How to Build a Business with a Customer Experience Focus
| Published: June 11, 2014 | Comments
Some of the world’s greatest brands decided to start with their customer experience first and work backwards. Apple, Southwest, Amazon and Zappos all decided that they were going build their businesses with this strategic focus to drive their growth. I believe that any debate over their decision would be short lived as they have all reaped financial benefits operating behind this strategy.
When I speak with an entrepreneur that is starting his or her business, naturally I ask, “What is your customer experience plan?” Sometimes, I hear great answers and strategies. While other times I catch the entrepreneur off guard who may have no formal plan.
It’s not to say that if you don’t begin with this philosophy that all hope is lost. I have witnessed many companies that began with other core values and later implemented a stronger focus on customer experience have promising results. However, it’s much easier to begin with a customer experience focus rather than change course of action later in your business life.
Here are the three steps to implement from the beginning of your business:
1. Set your vision
No initiative is complete without your vision. As the leader of your organization, you must make your vision clear to your team and publicize it. What will it look like? What will it feel like? How will it operate? You want to speak about it so often that you begin to sound like a broken record.
Tip: Frame it. Print your vision and frame it within your office.
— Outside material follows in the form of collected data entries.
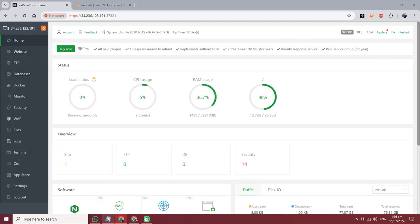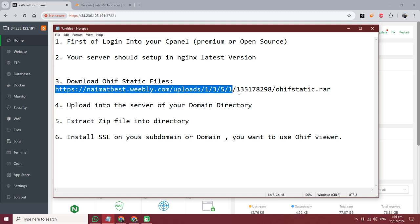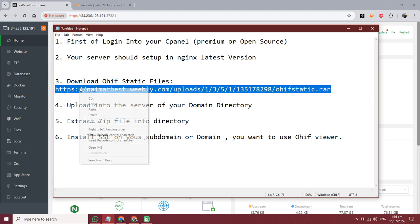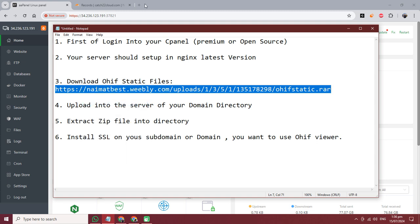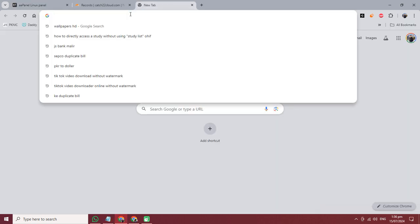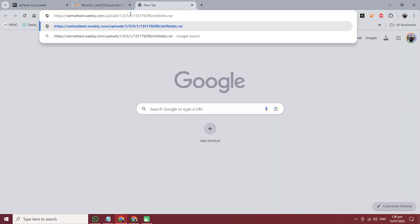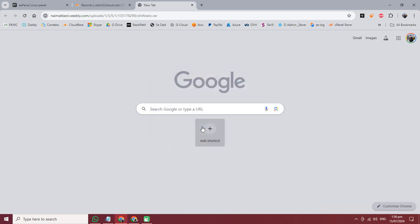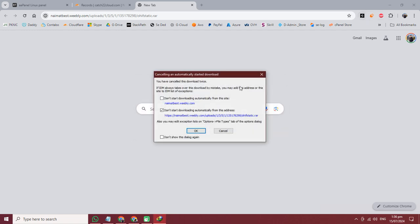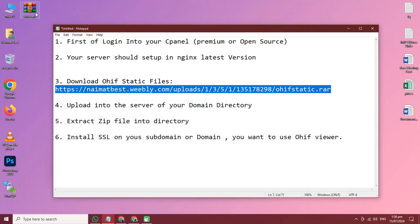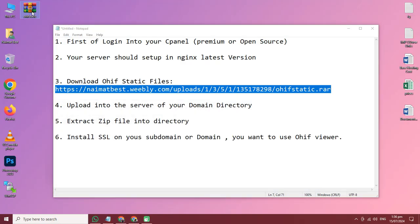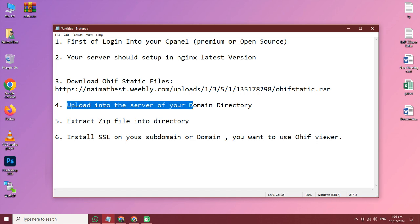After that, step three is to download the static files of OHIF viewer. I have already downloaded the OHIF static files on my desktop, so I am canceling it. Here are the folders already downloaded. After downloading, upload it.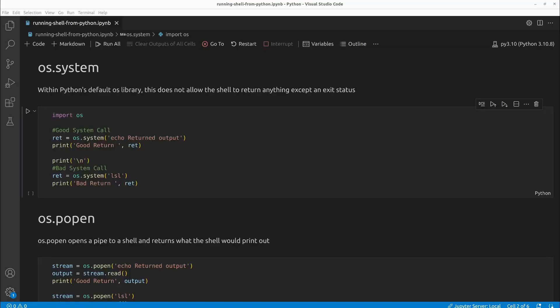Welcome everyone to Learning with Rev. In this video we are going to learn how to execute a shell command, such as a bash shell command, directly from your Python program.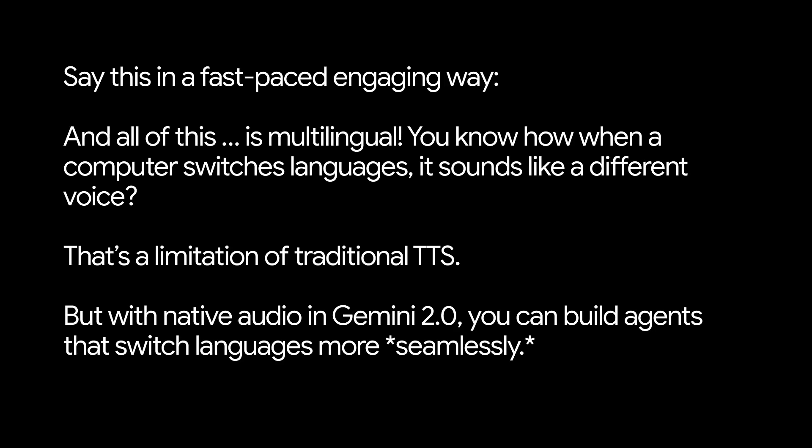And all of this is multilingual. You know how when a computer switches languages, it sounds like a different voice? That's a limitation of traditional TTS. But with native audio in Gemini 2.0, you can build agents that switch languages more seamlessly. Check this out.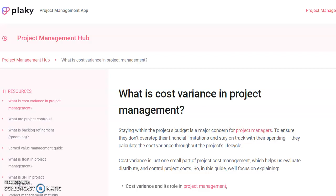Hey everyone, this is Carla Jenkins. I just have to let you know that I got featured in Plaky's project management app's blog article: 'What Is Cost Variance in Project Management?' For those who don't know, I am a certified Project Management Professional who will be celebrating my 10th year anniversary of being a PMP this year, 2023.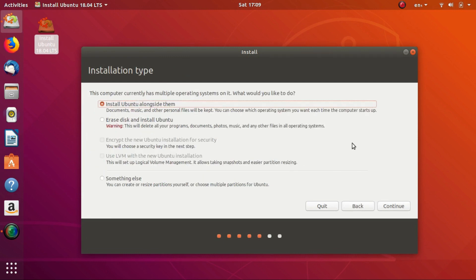In this screen, we'll be selecting where to install the operating system. If you're a Linux newcomer and have Windows or another OS installed, select the first option. Just select 'Install Ubuntu Alongside' and click on Continue.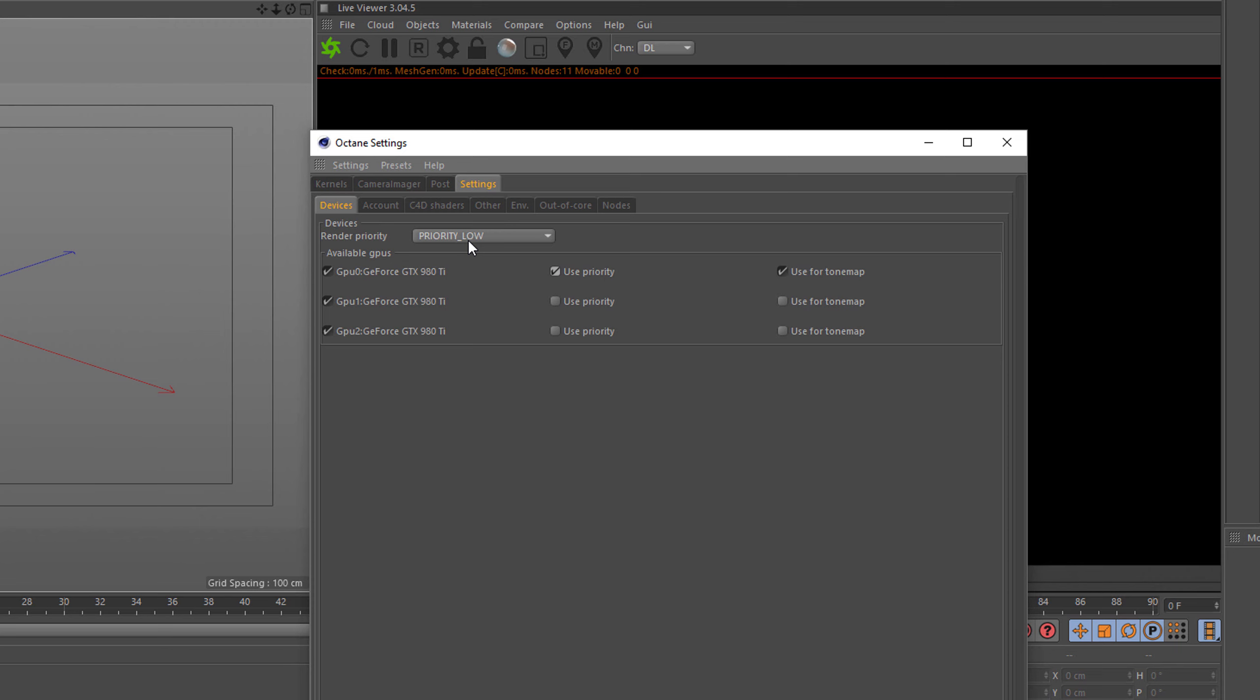For example, to drive your screens. So you don't have to turn off your card per se, you can also use priority.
Another unique way to remind your employees to why they are there, to service your customers, is to put customer service related quotes on their screen saver or put decals up on the walls.
Without employees that have bought into your vision, your initiative will not exceed your expectations. You need to have team members that are genuinely passionate about serving your customers. While this is a “no-brainer” the difficult part of this step is finding and interviewing the right people.
Tip: Have your interview with the candidate be heavily weighted on customer service to assess their current knowledge on what customer service really means. Create a questionnaire that they can fill out to determine their “service aptitude.” Pass on candidates that don’t have this focus.
3. Train and Educate
Do your current employees know what customer service really is and what’s the ROI? Is your customer service training a program that only highlights the “do’s and don’ts of customer service”? Or, is it high level that outlines the “why” of customer service that educates on ROI, customer centricity, organic growth, customer loyalty etc. Ensure that everyone is aware that any decision or action that is taken should have the customers best interest in mind.
Tip: Ask you current employees if they know what customer centricity, organic growth and what the ROI of customer experience is. This will tell you if you have an exceptional training program. If they are left scratching their heads, you may need to address the way your training is being conducted.
I am passionate about customer experience because I believe in growing businesses organically and it’s very cost effective. The three steps I listed above have minimal costs to implement and can have the positive financial effects that Apple, Southwest, Amazon and Zappos have experienced.